The exact lines from the start of the material below through the line holding "黑白相间的线条装饰着树叶 病媒孤立无援最小单色手绘植物图案 轮转雕花叶面" are the answer; return those, pictures excluded.

Records provided.
# # # # #

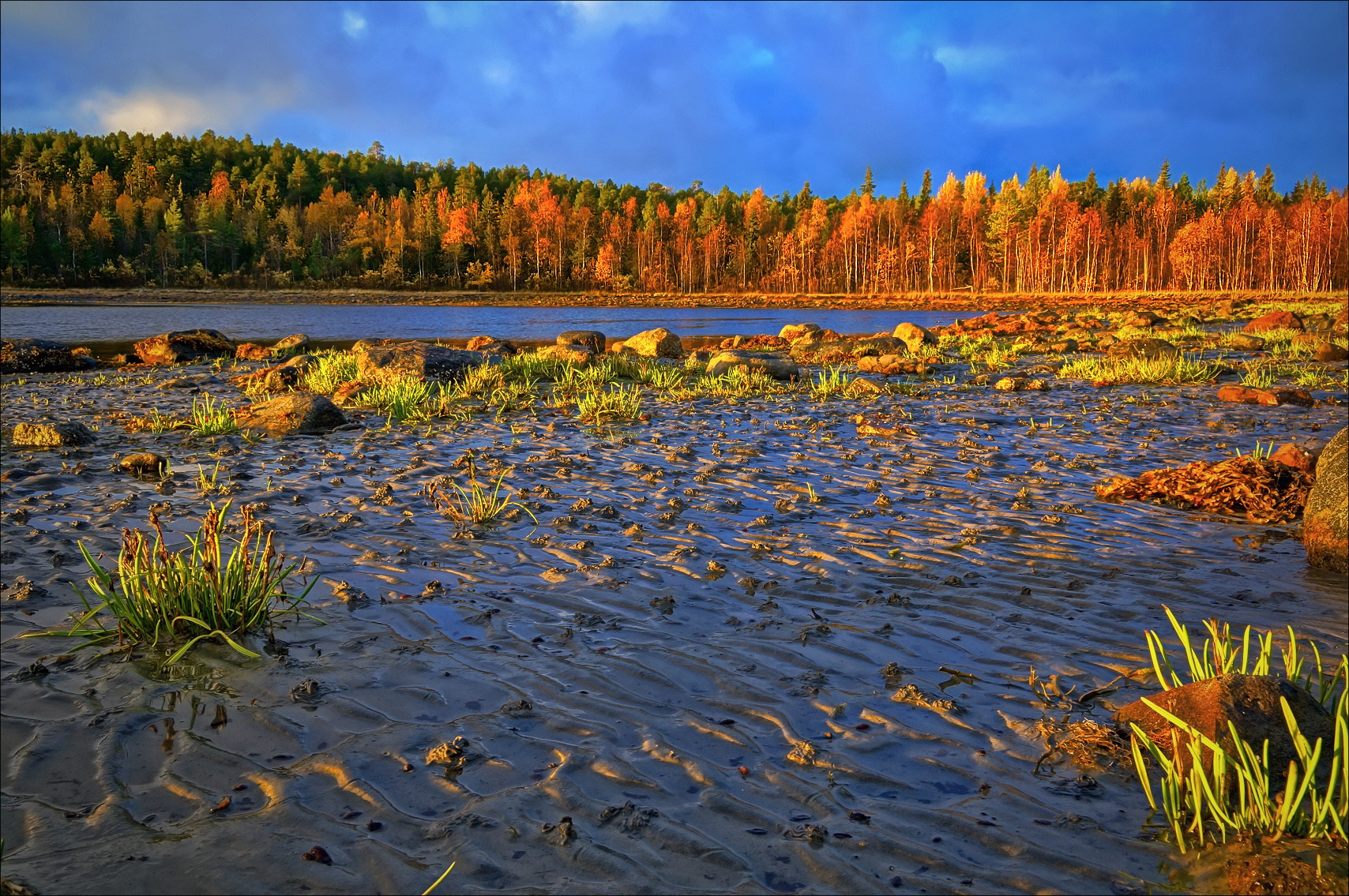 Морской отлив Белое море Карелия берег залив утро осень лес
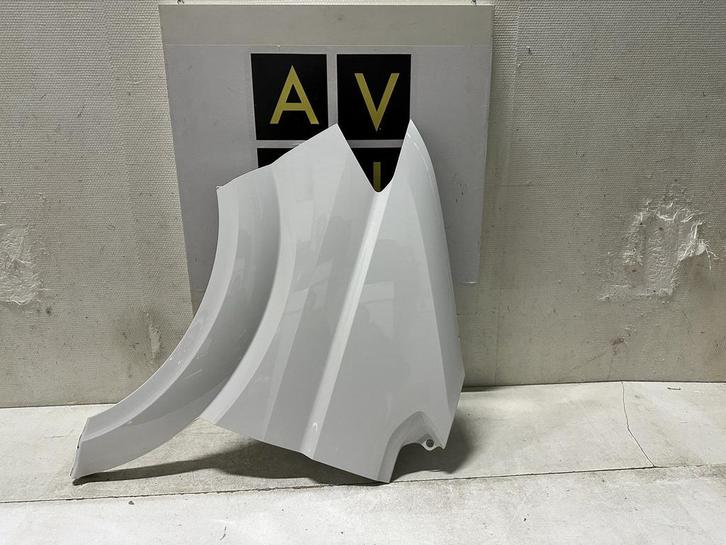 Man TGE Crafter II 7C0 Voorscherm spatnord links, Auto-onderdelen, Carrosserie, Spatbord, Volkswagen, Gebruikt, Ophalen of Verzenden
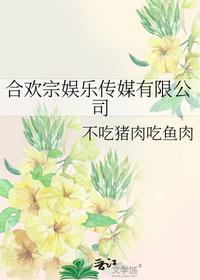 合欢宗娱乐传媒有限公司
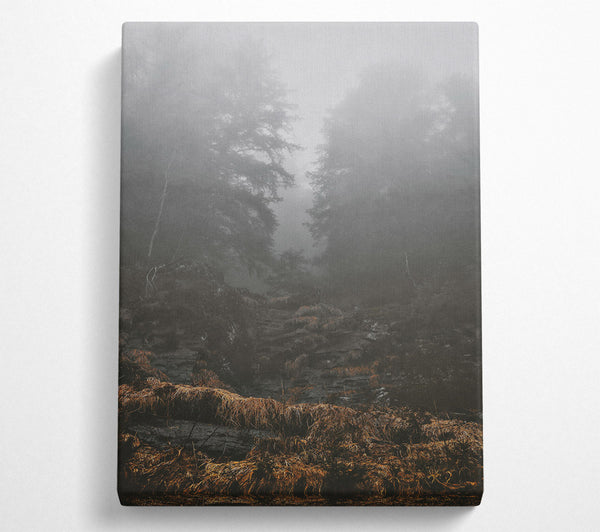  A Canvas Print of Golden Foggy Path Canvas Wall Art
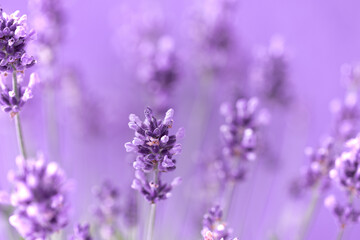 Fototapeta na wymiar Lavender flowers in the summer, Floral field background,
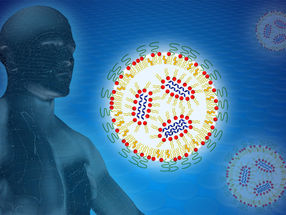 Optimización de las nanopartículas que contienen ARNm
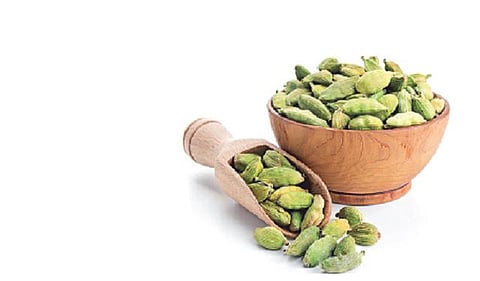 இறக்குமதி குறைந்ததால் இந்திய ஏலக்காய் விலை உயர்வு﻿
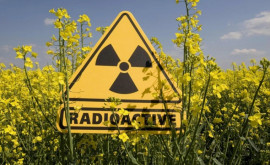 Какой уровень радиации в Молдове Ответ Министерства окружающей среды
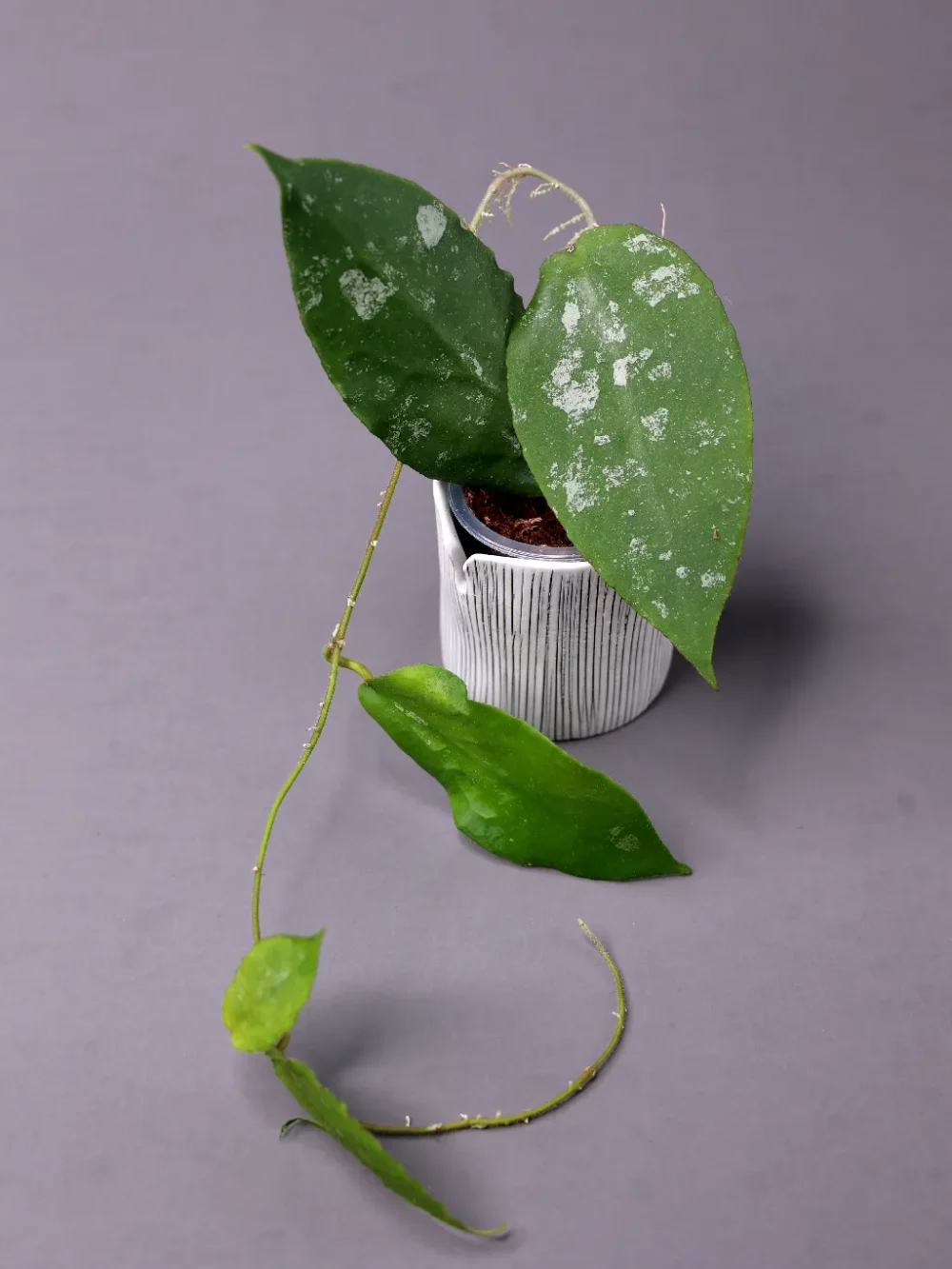 Hoya Caudata big green leaves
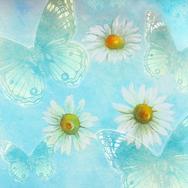blue butterflies, white daisies on blue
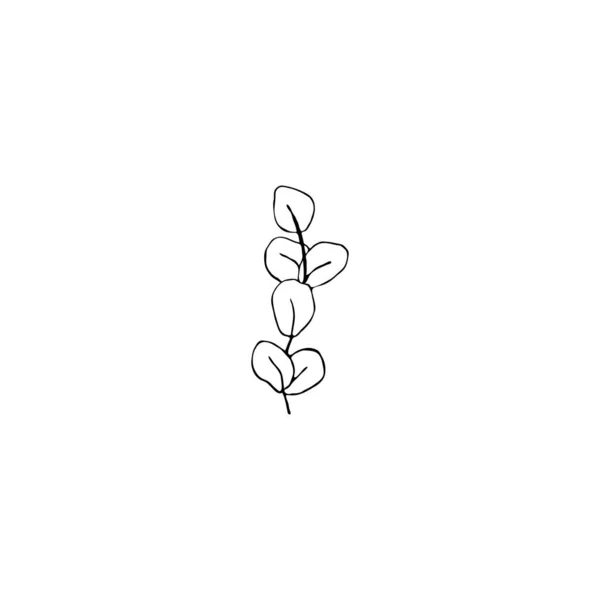 黑白相间的线条装饰着树叶 病媒孤立无援最小单色手绘植物图案 轮转雕花叶面 — 图库矢量图片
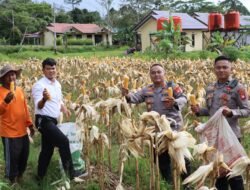 Meski Hujan Gerimis Tetap Penuh Semangat Dan Kebersamaan,Kapolres Melawi Pimpin Panen Jagung Di Lahan Milik Polres 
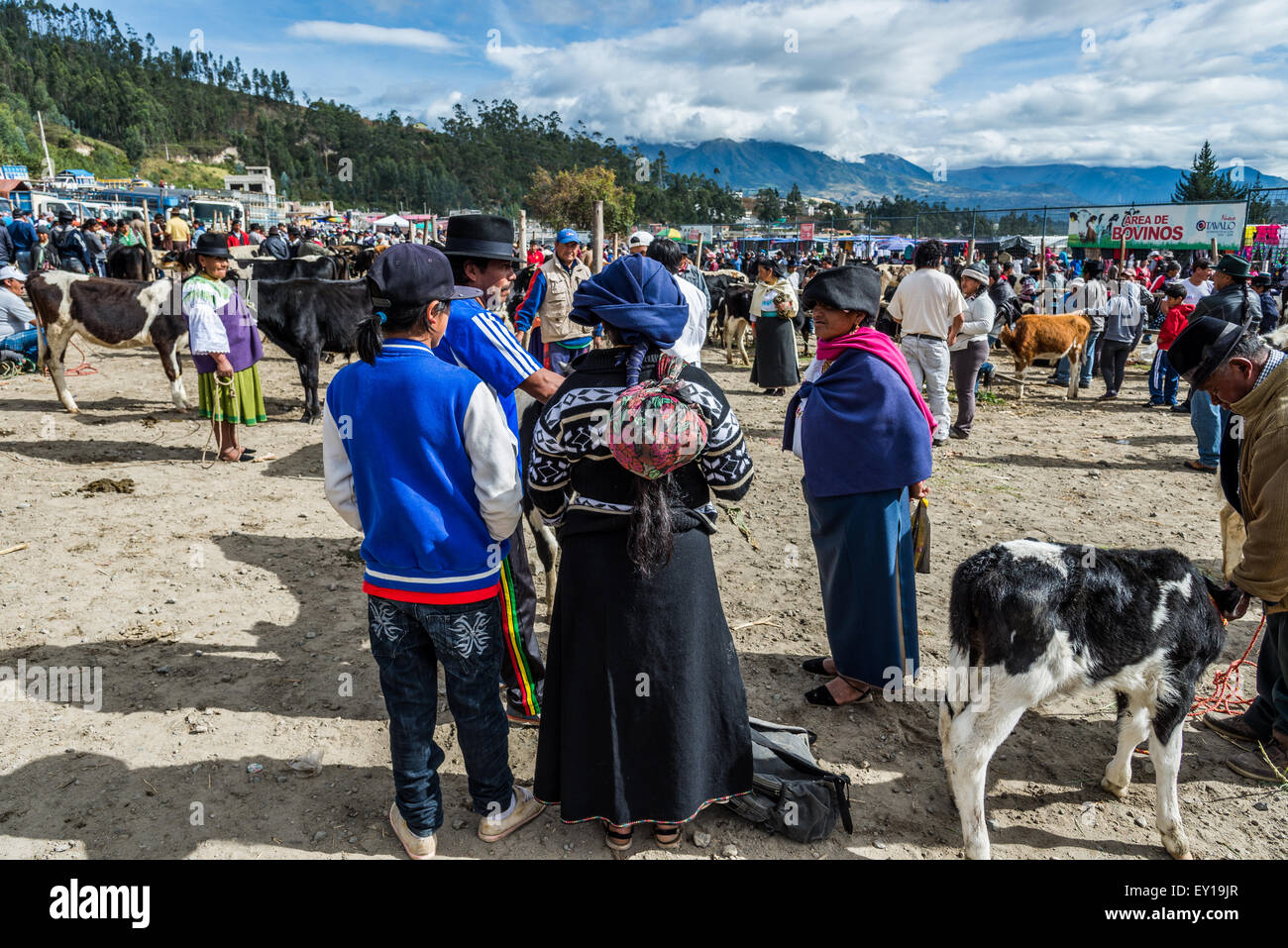 Trattativa in corso presso il mercato del bestiame. Otavalo, Ecuador. Foto Stock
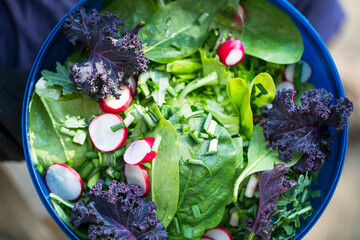 Clean eating, vegan healthy salad bowl, plant based healthy diet with salad, kale, green onion,radish and spinach - 568562810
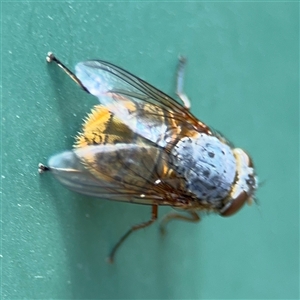 Calliphora stygia at Curtin, ACT - 25 Oct 2024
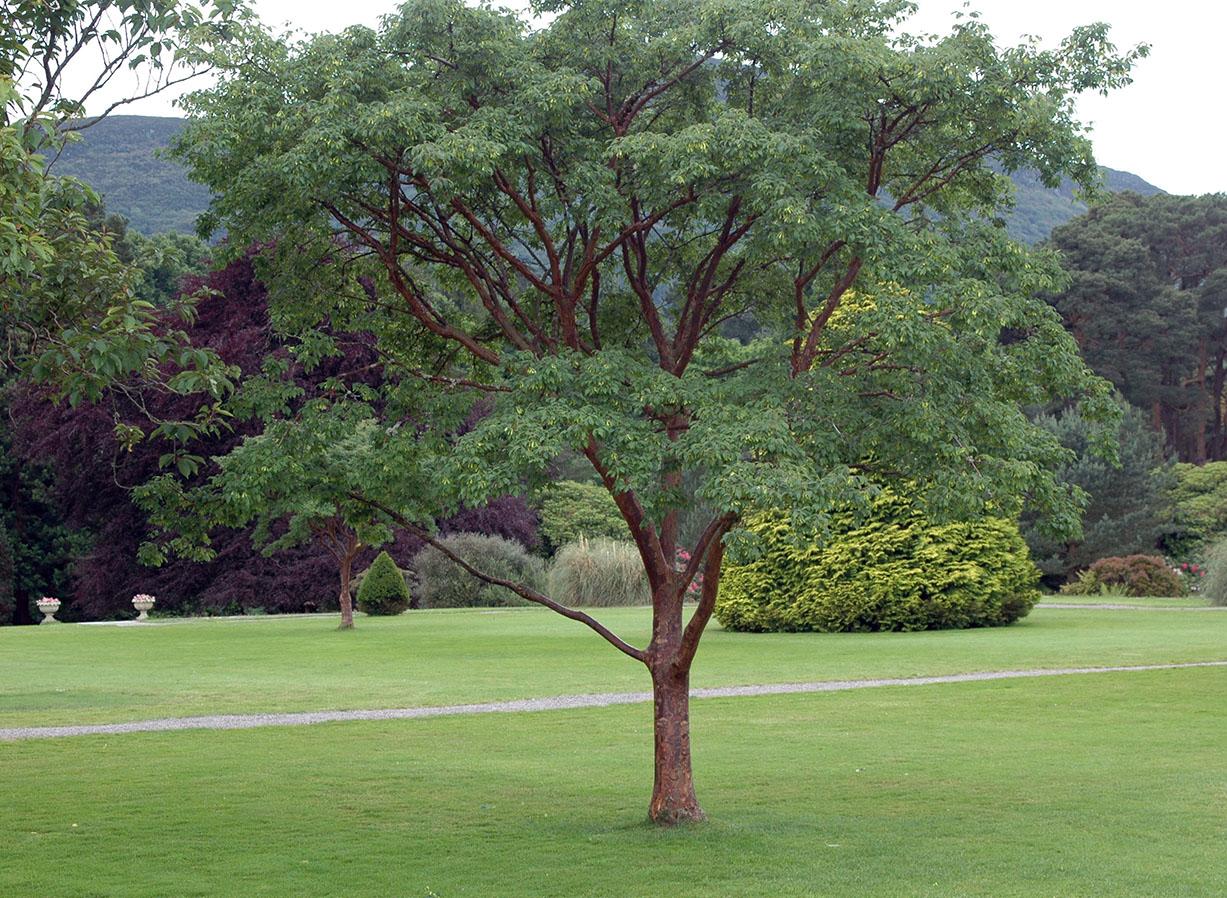 Acer Griseum Single Stem - View 15 from www redcrocus com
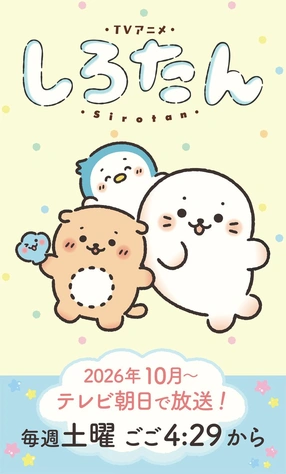 海豹小白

# # # # #

Answer to this problem.
 Морской отлив Белое море Карелия берег залив утро осень лес
 Man TGE Crafter II 7C0 Voorscherm spatnord links, Auto-onderdelen, Carrosserie, Spatbord, Volkswagen, Gebruikt, Ophalen of Verzenden
 合欢宗娱乐传媒有限公司
  A Canvas Print of Golden Foggy Path Canvas Wall Art
 Fototapeta na wymiar Lavender flowers in the summer, Floral field background,
 Optimización de las nanopartículas que contienen ARNm
 இறக்குமதி குறைந்ததால் இந்திய ஏலக்காய் விலை உயர்வு﻿
 Какой уровень радиации в Молдове Ответ Министерства окружающей среды
 Hoya Caudata big green leaves
blue butterflies, white daisies on blue
 黑白相间的线条装饰着树叶 病媒孤立无援最小单色手绘植物图案 轮转雕花叶面 — 图库矢量图片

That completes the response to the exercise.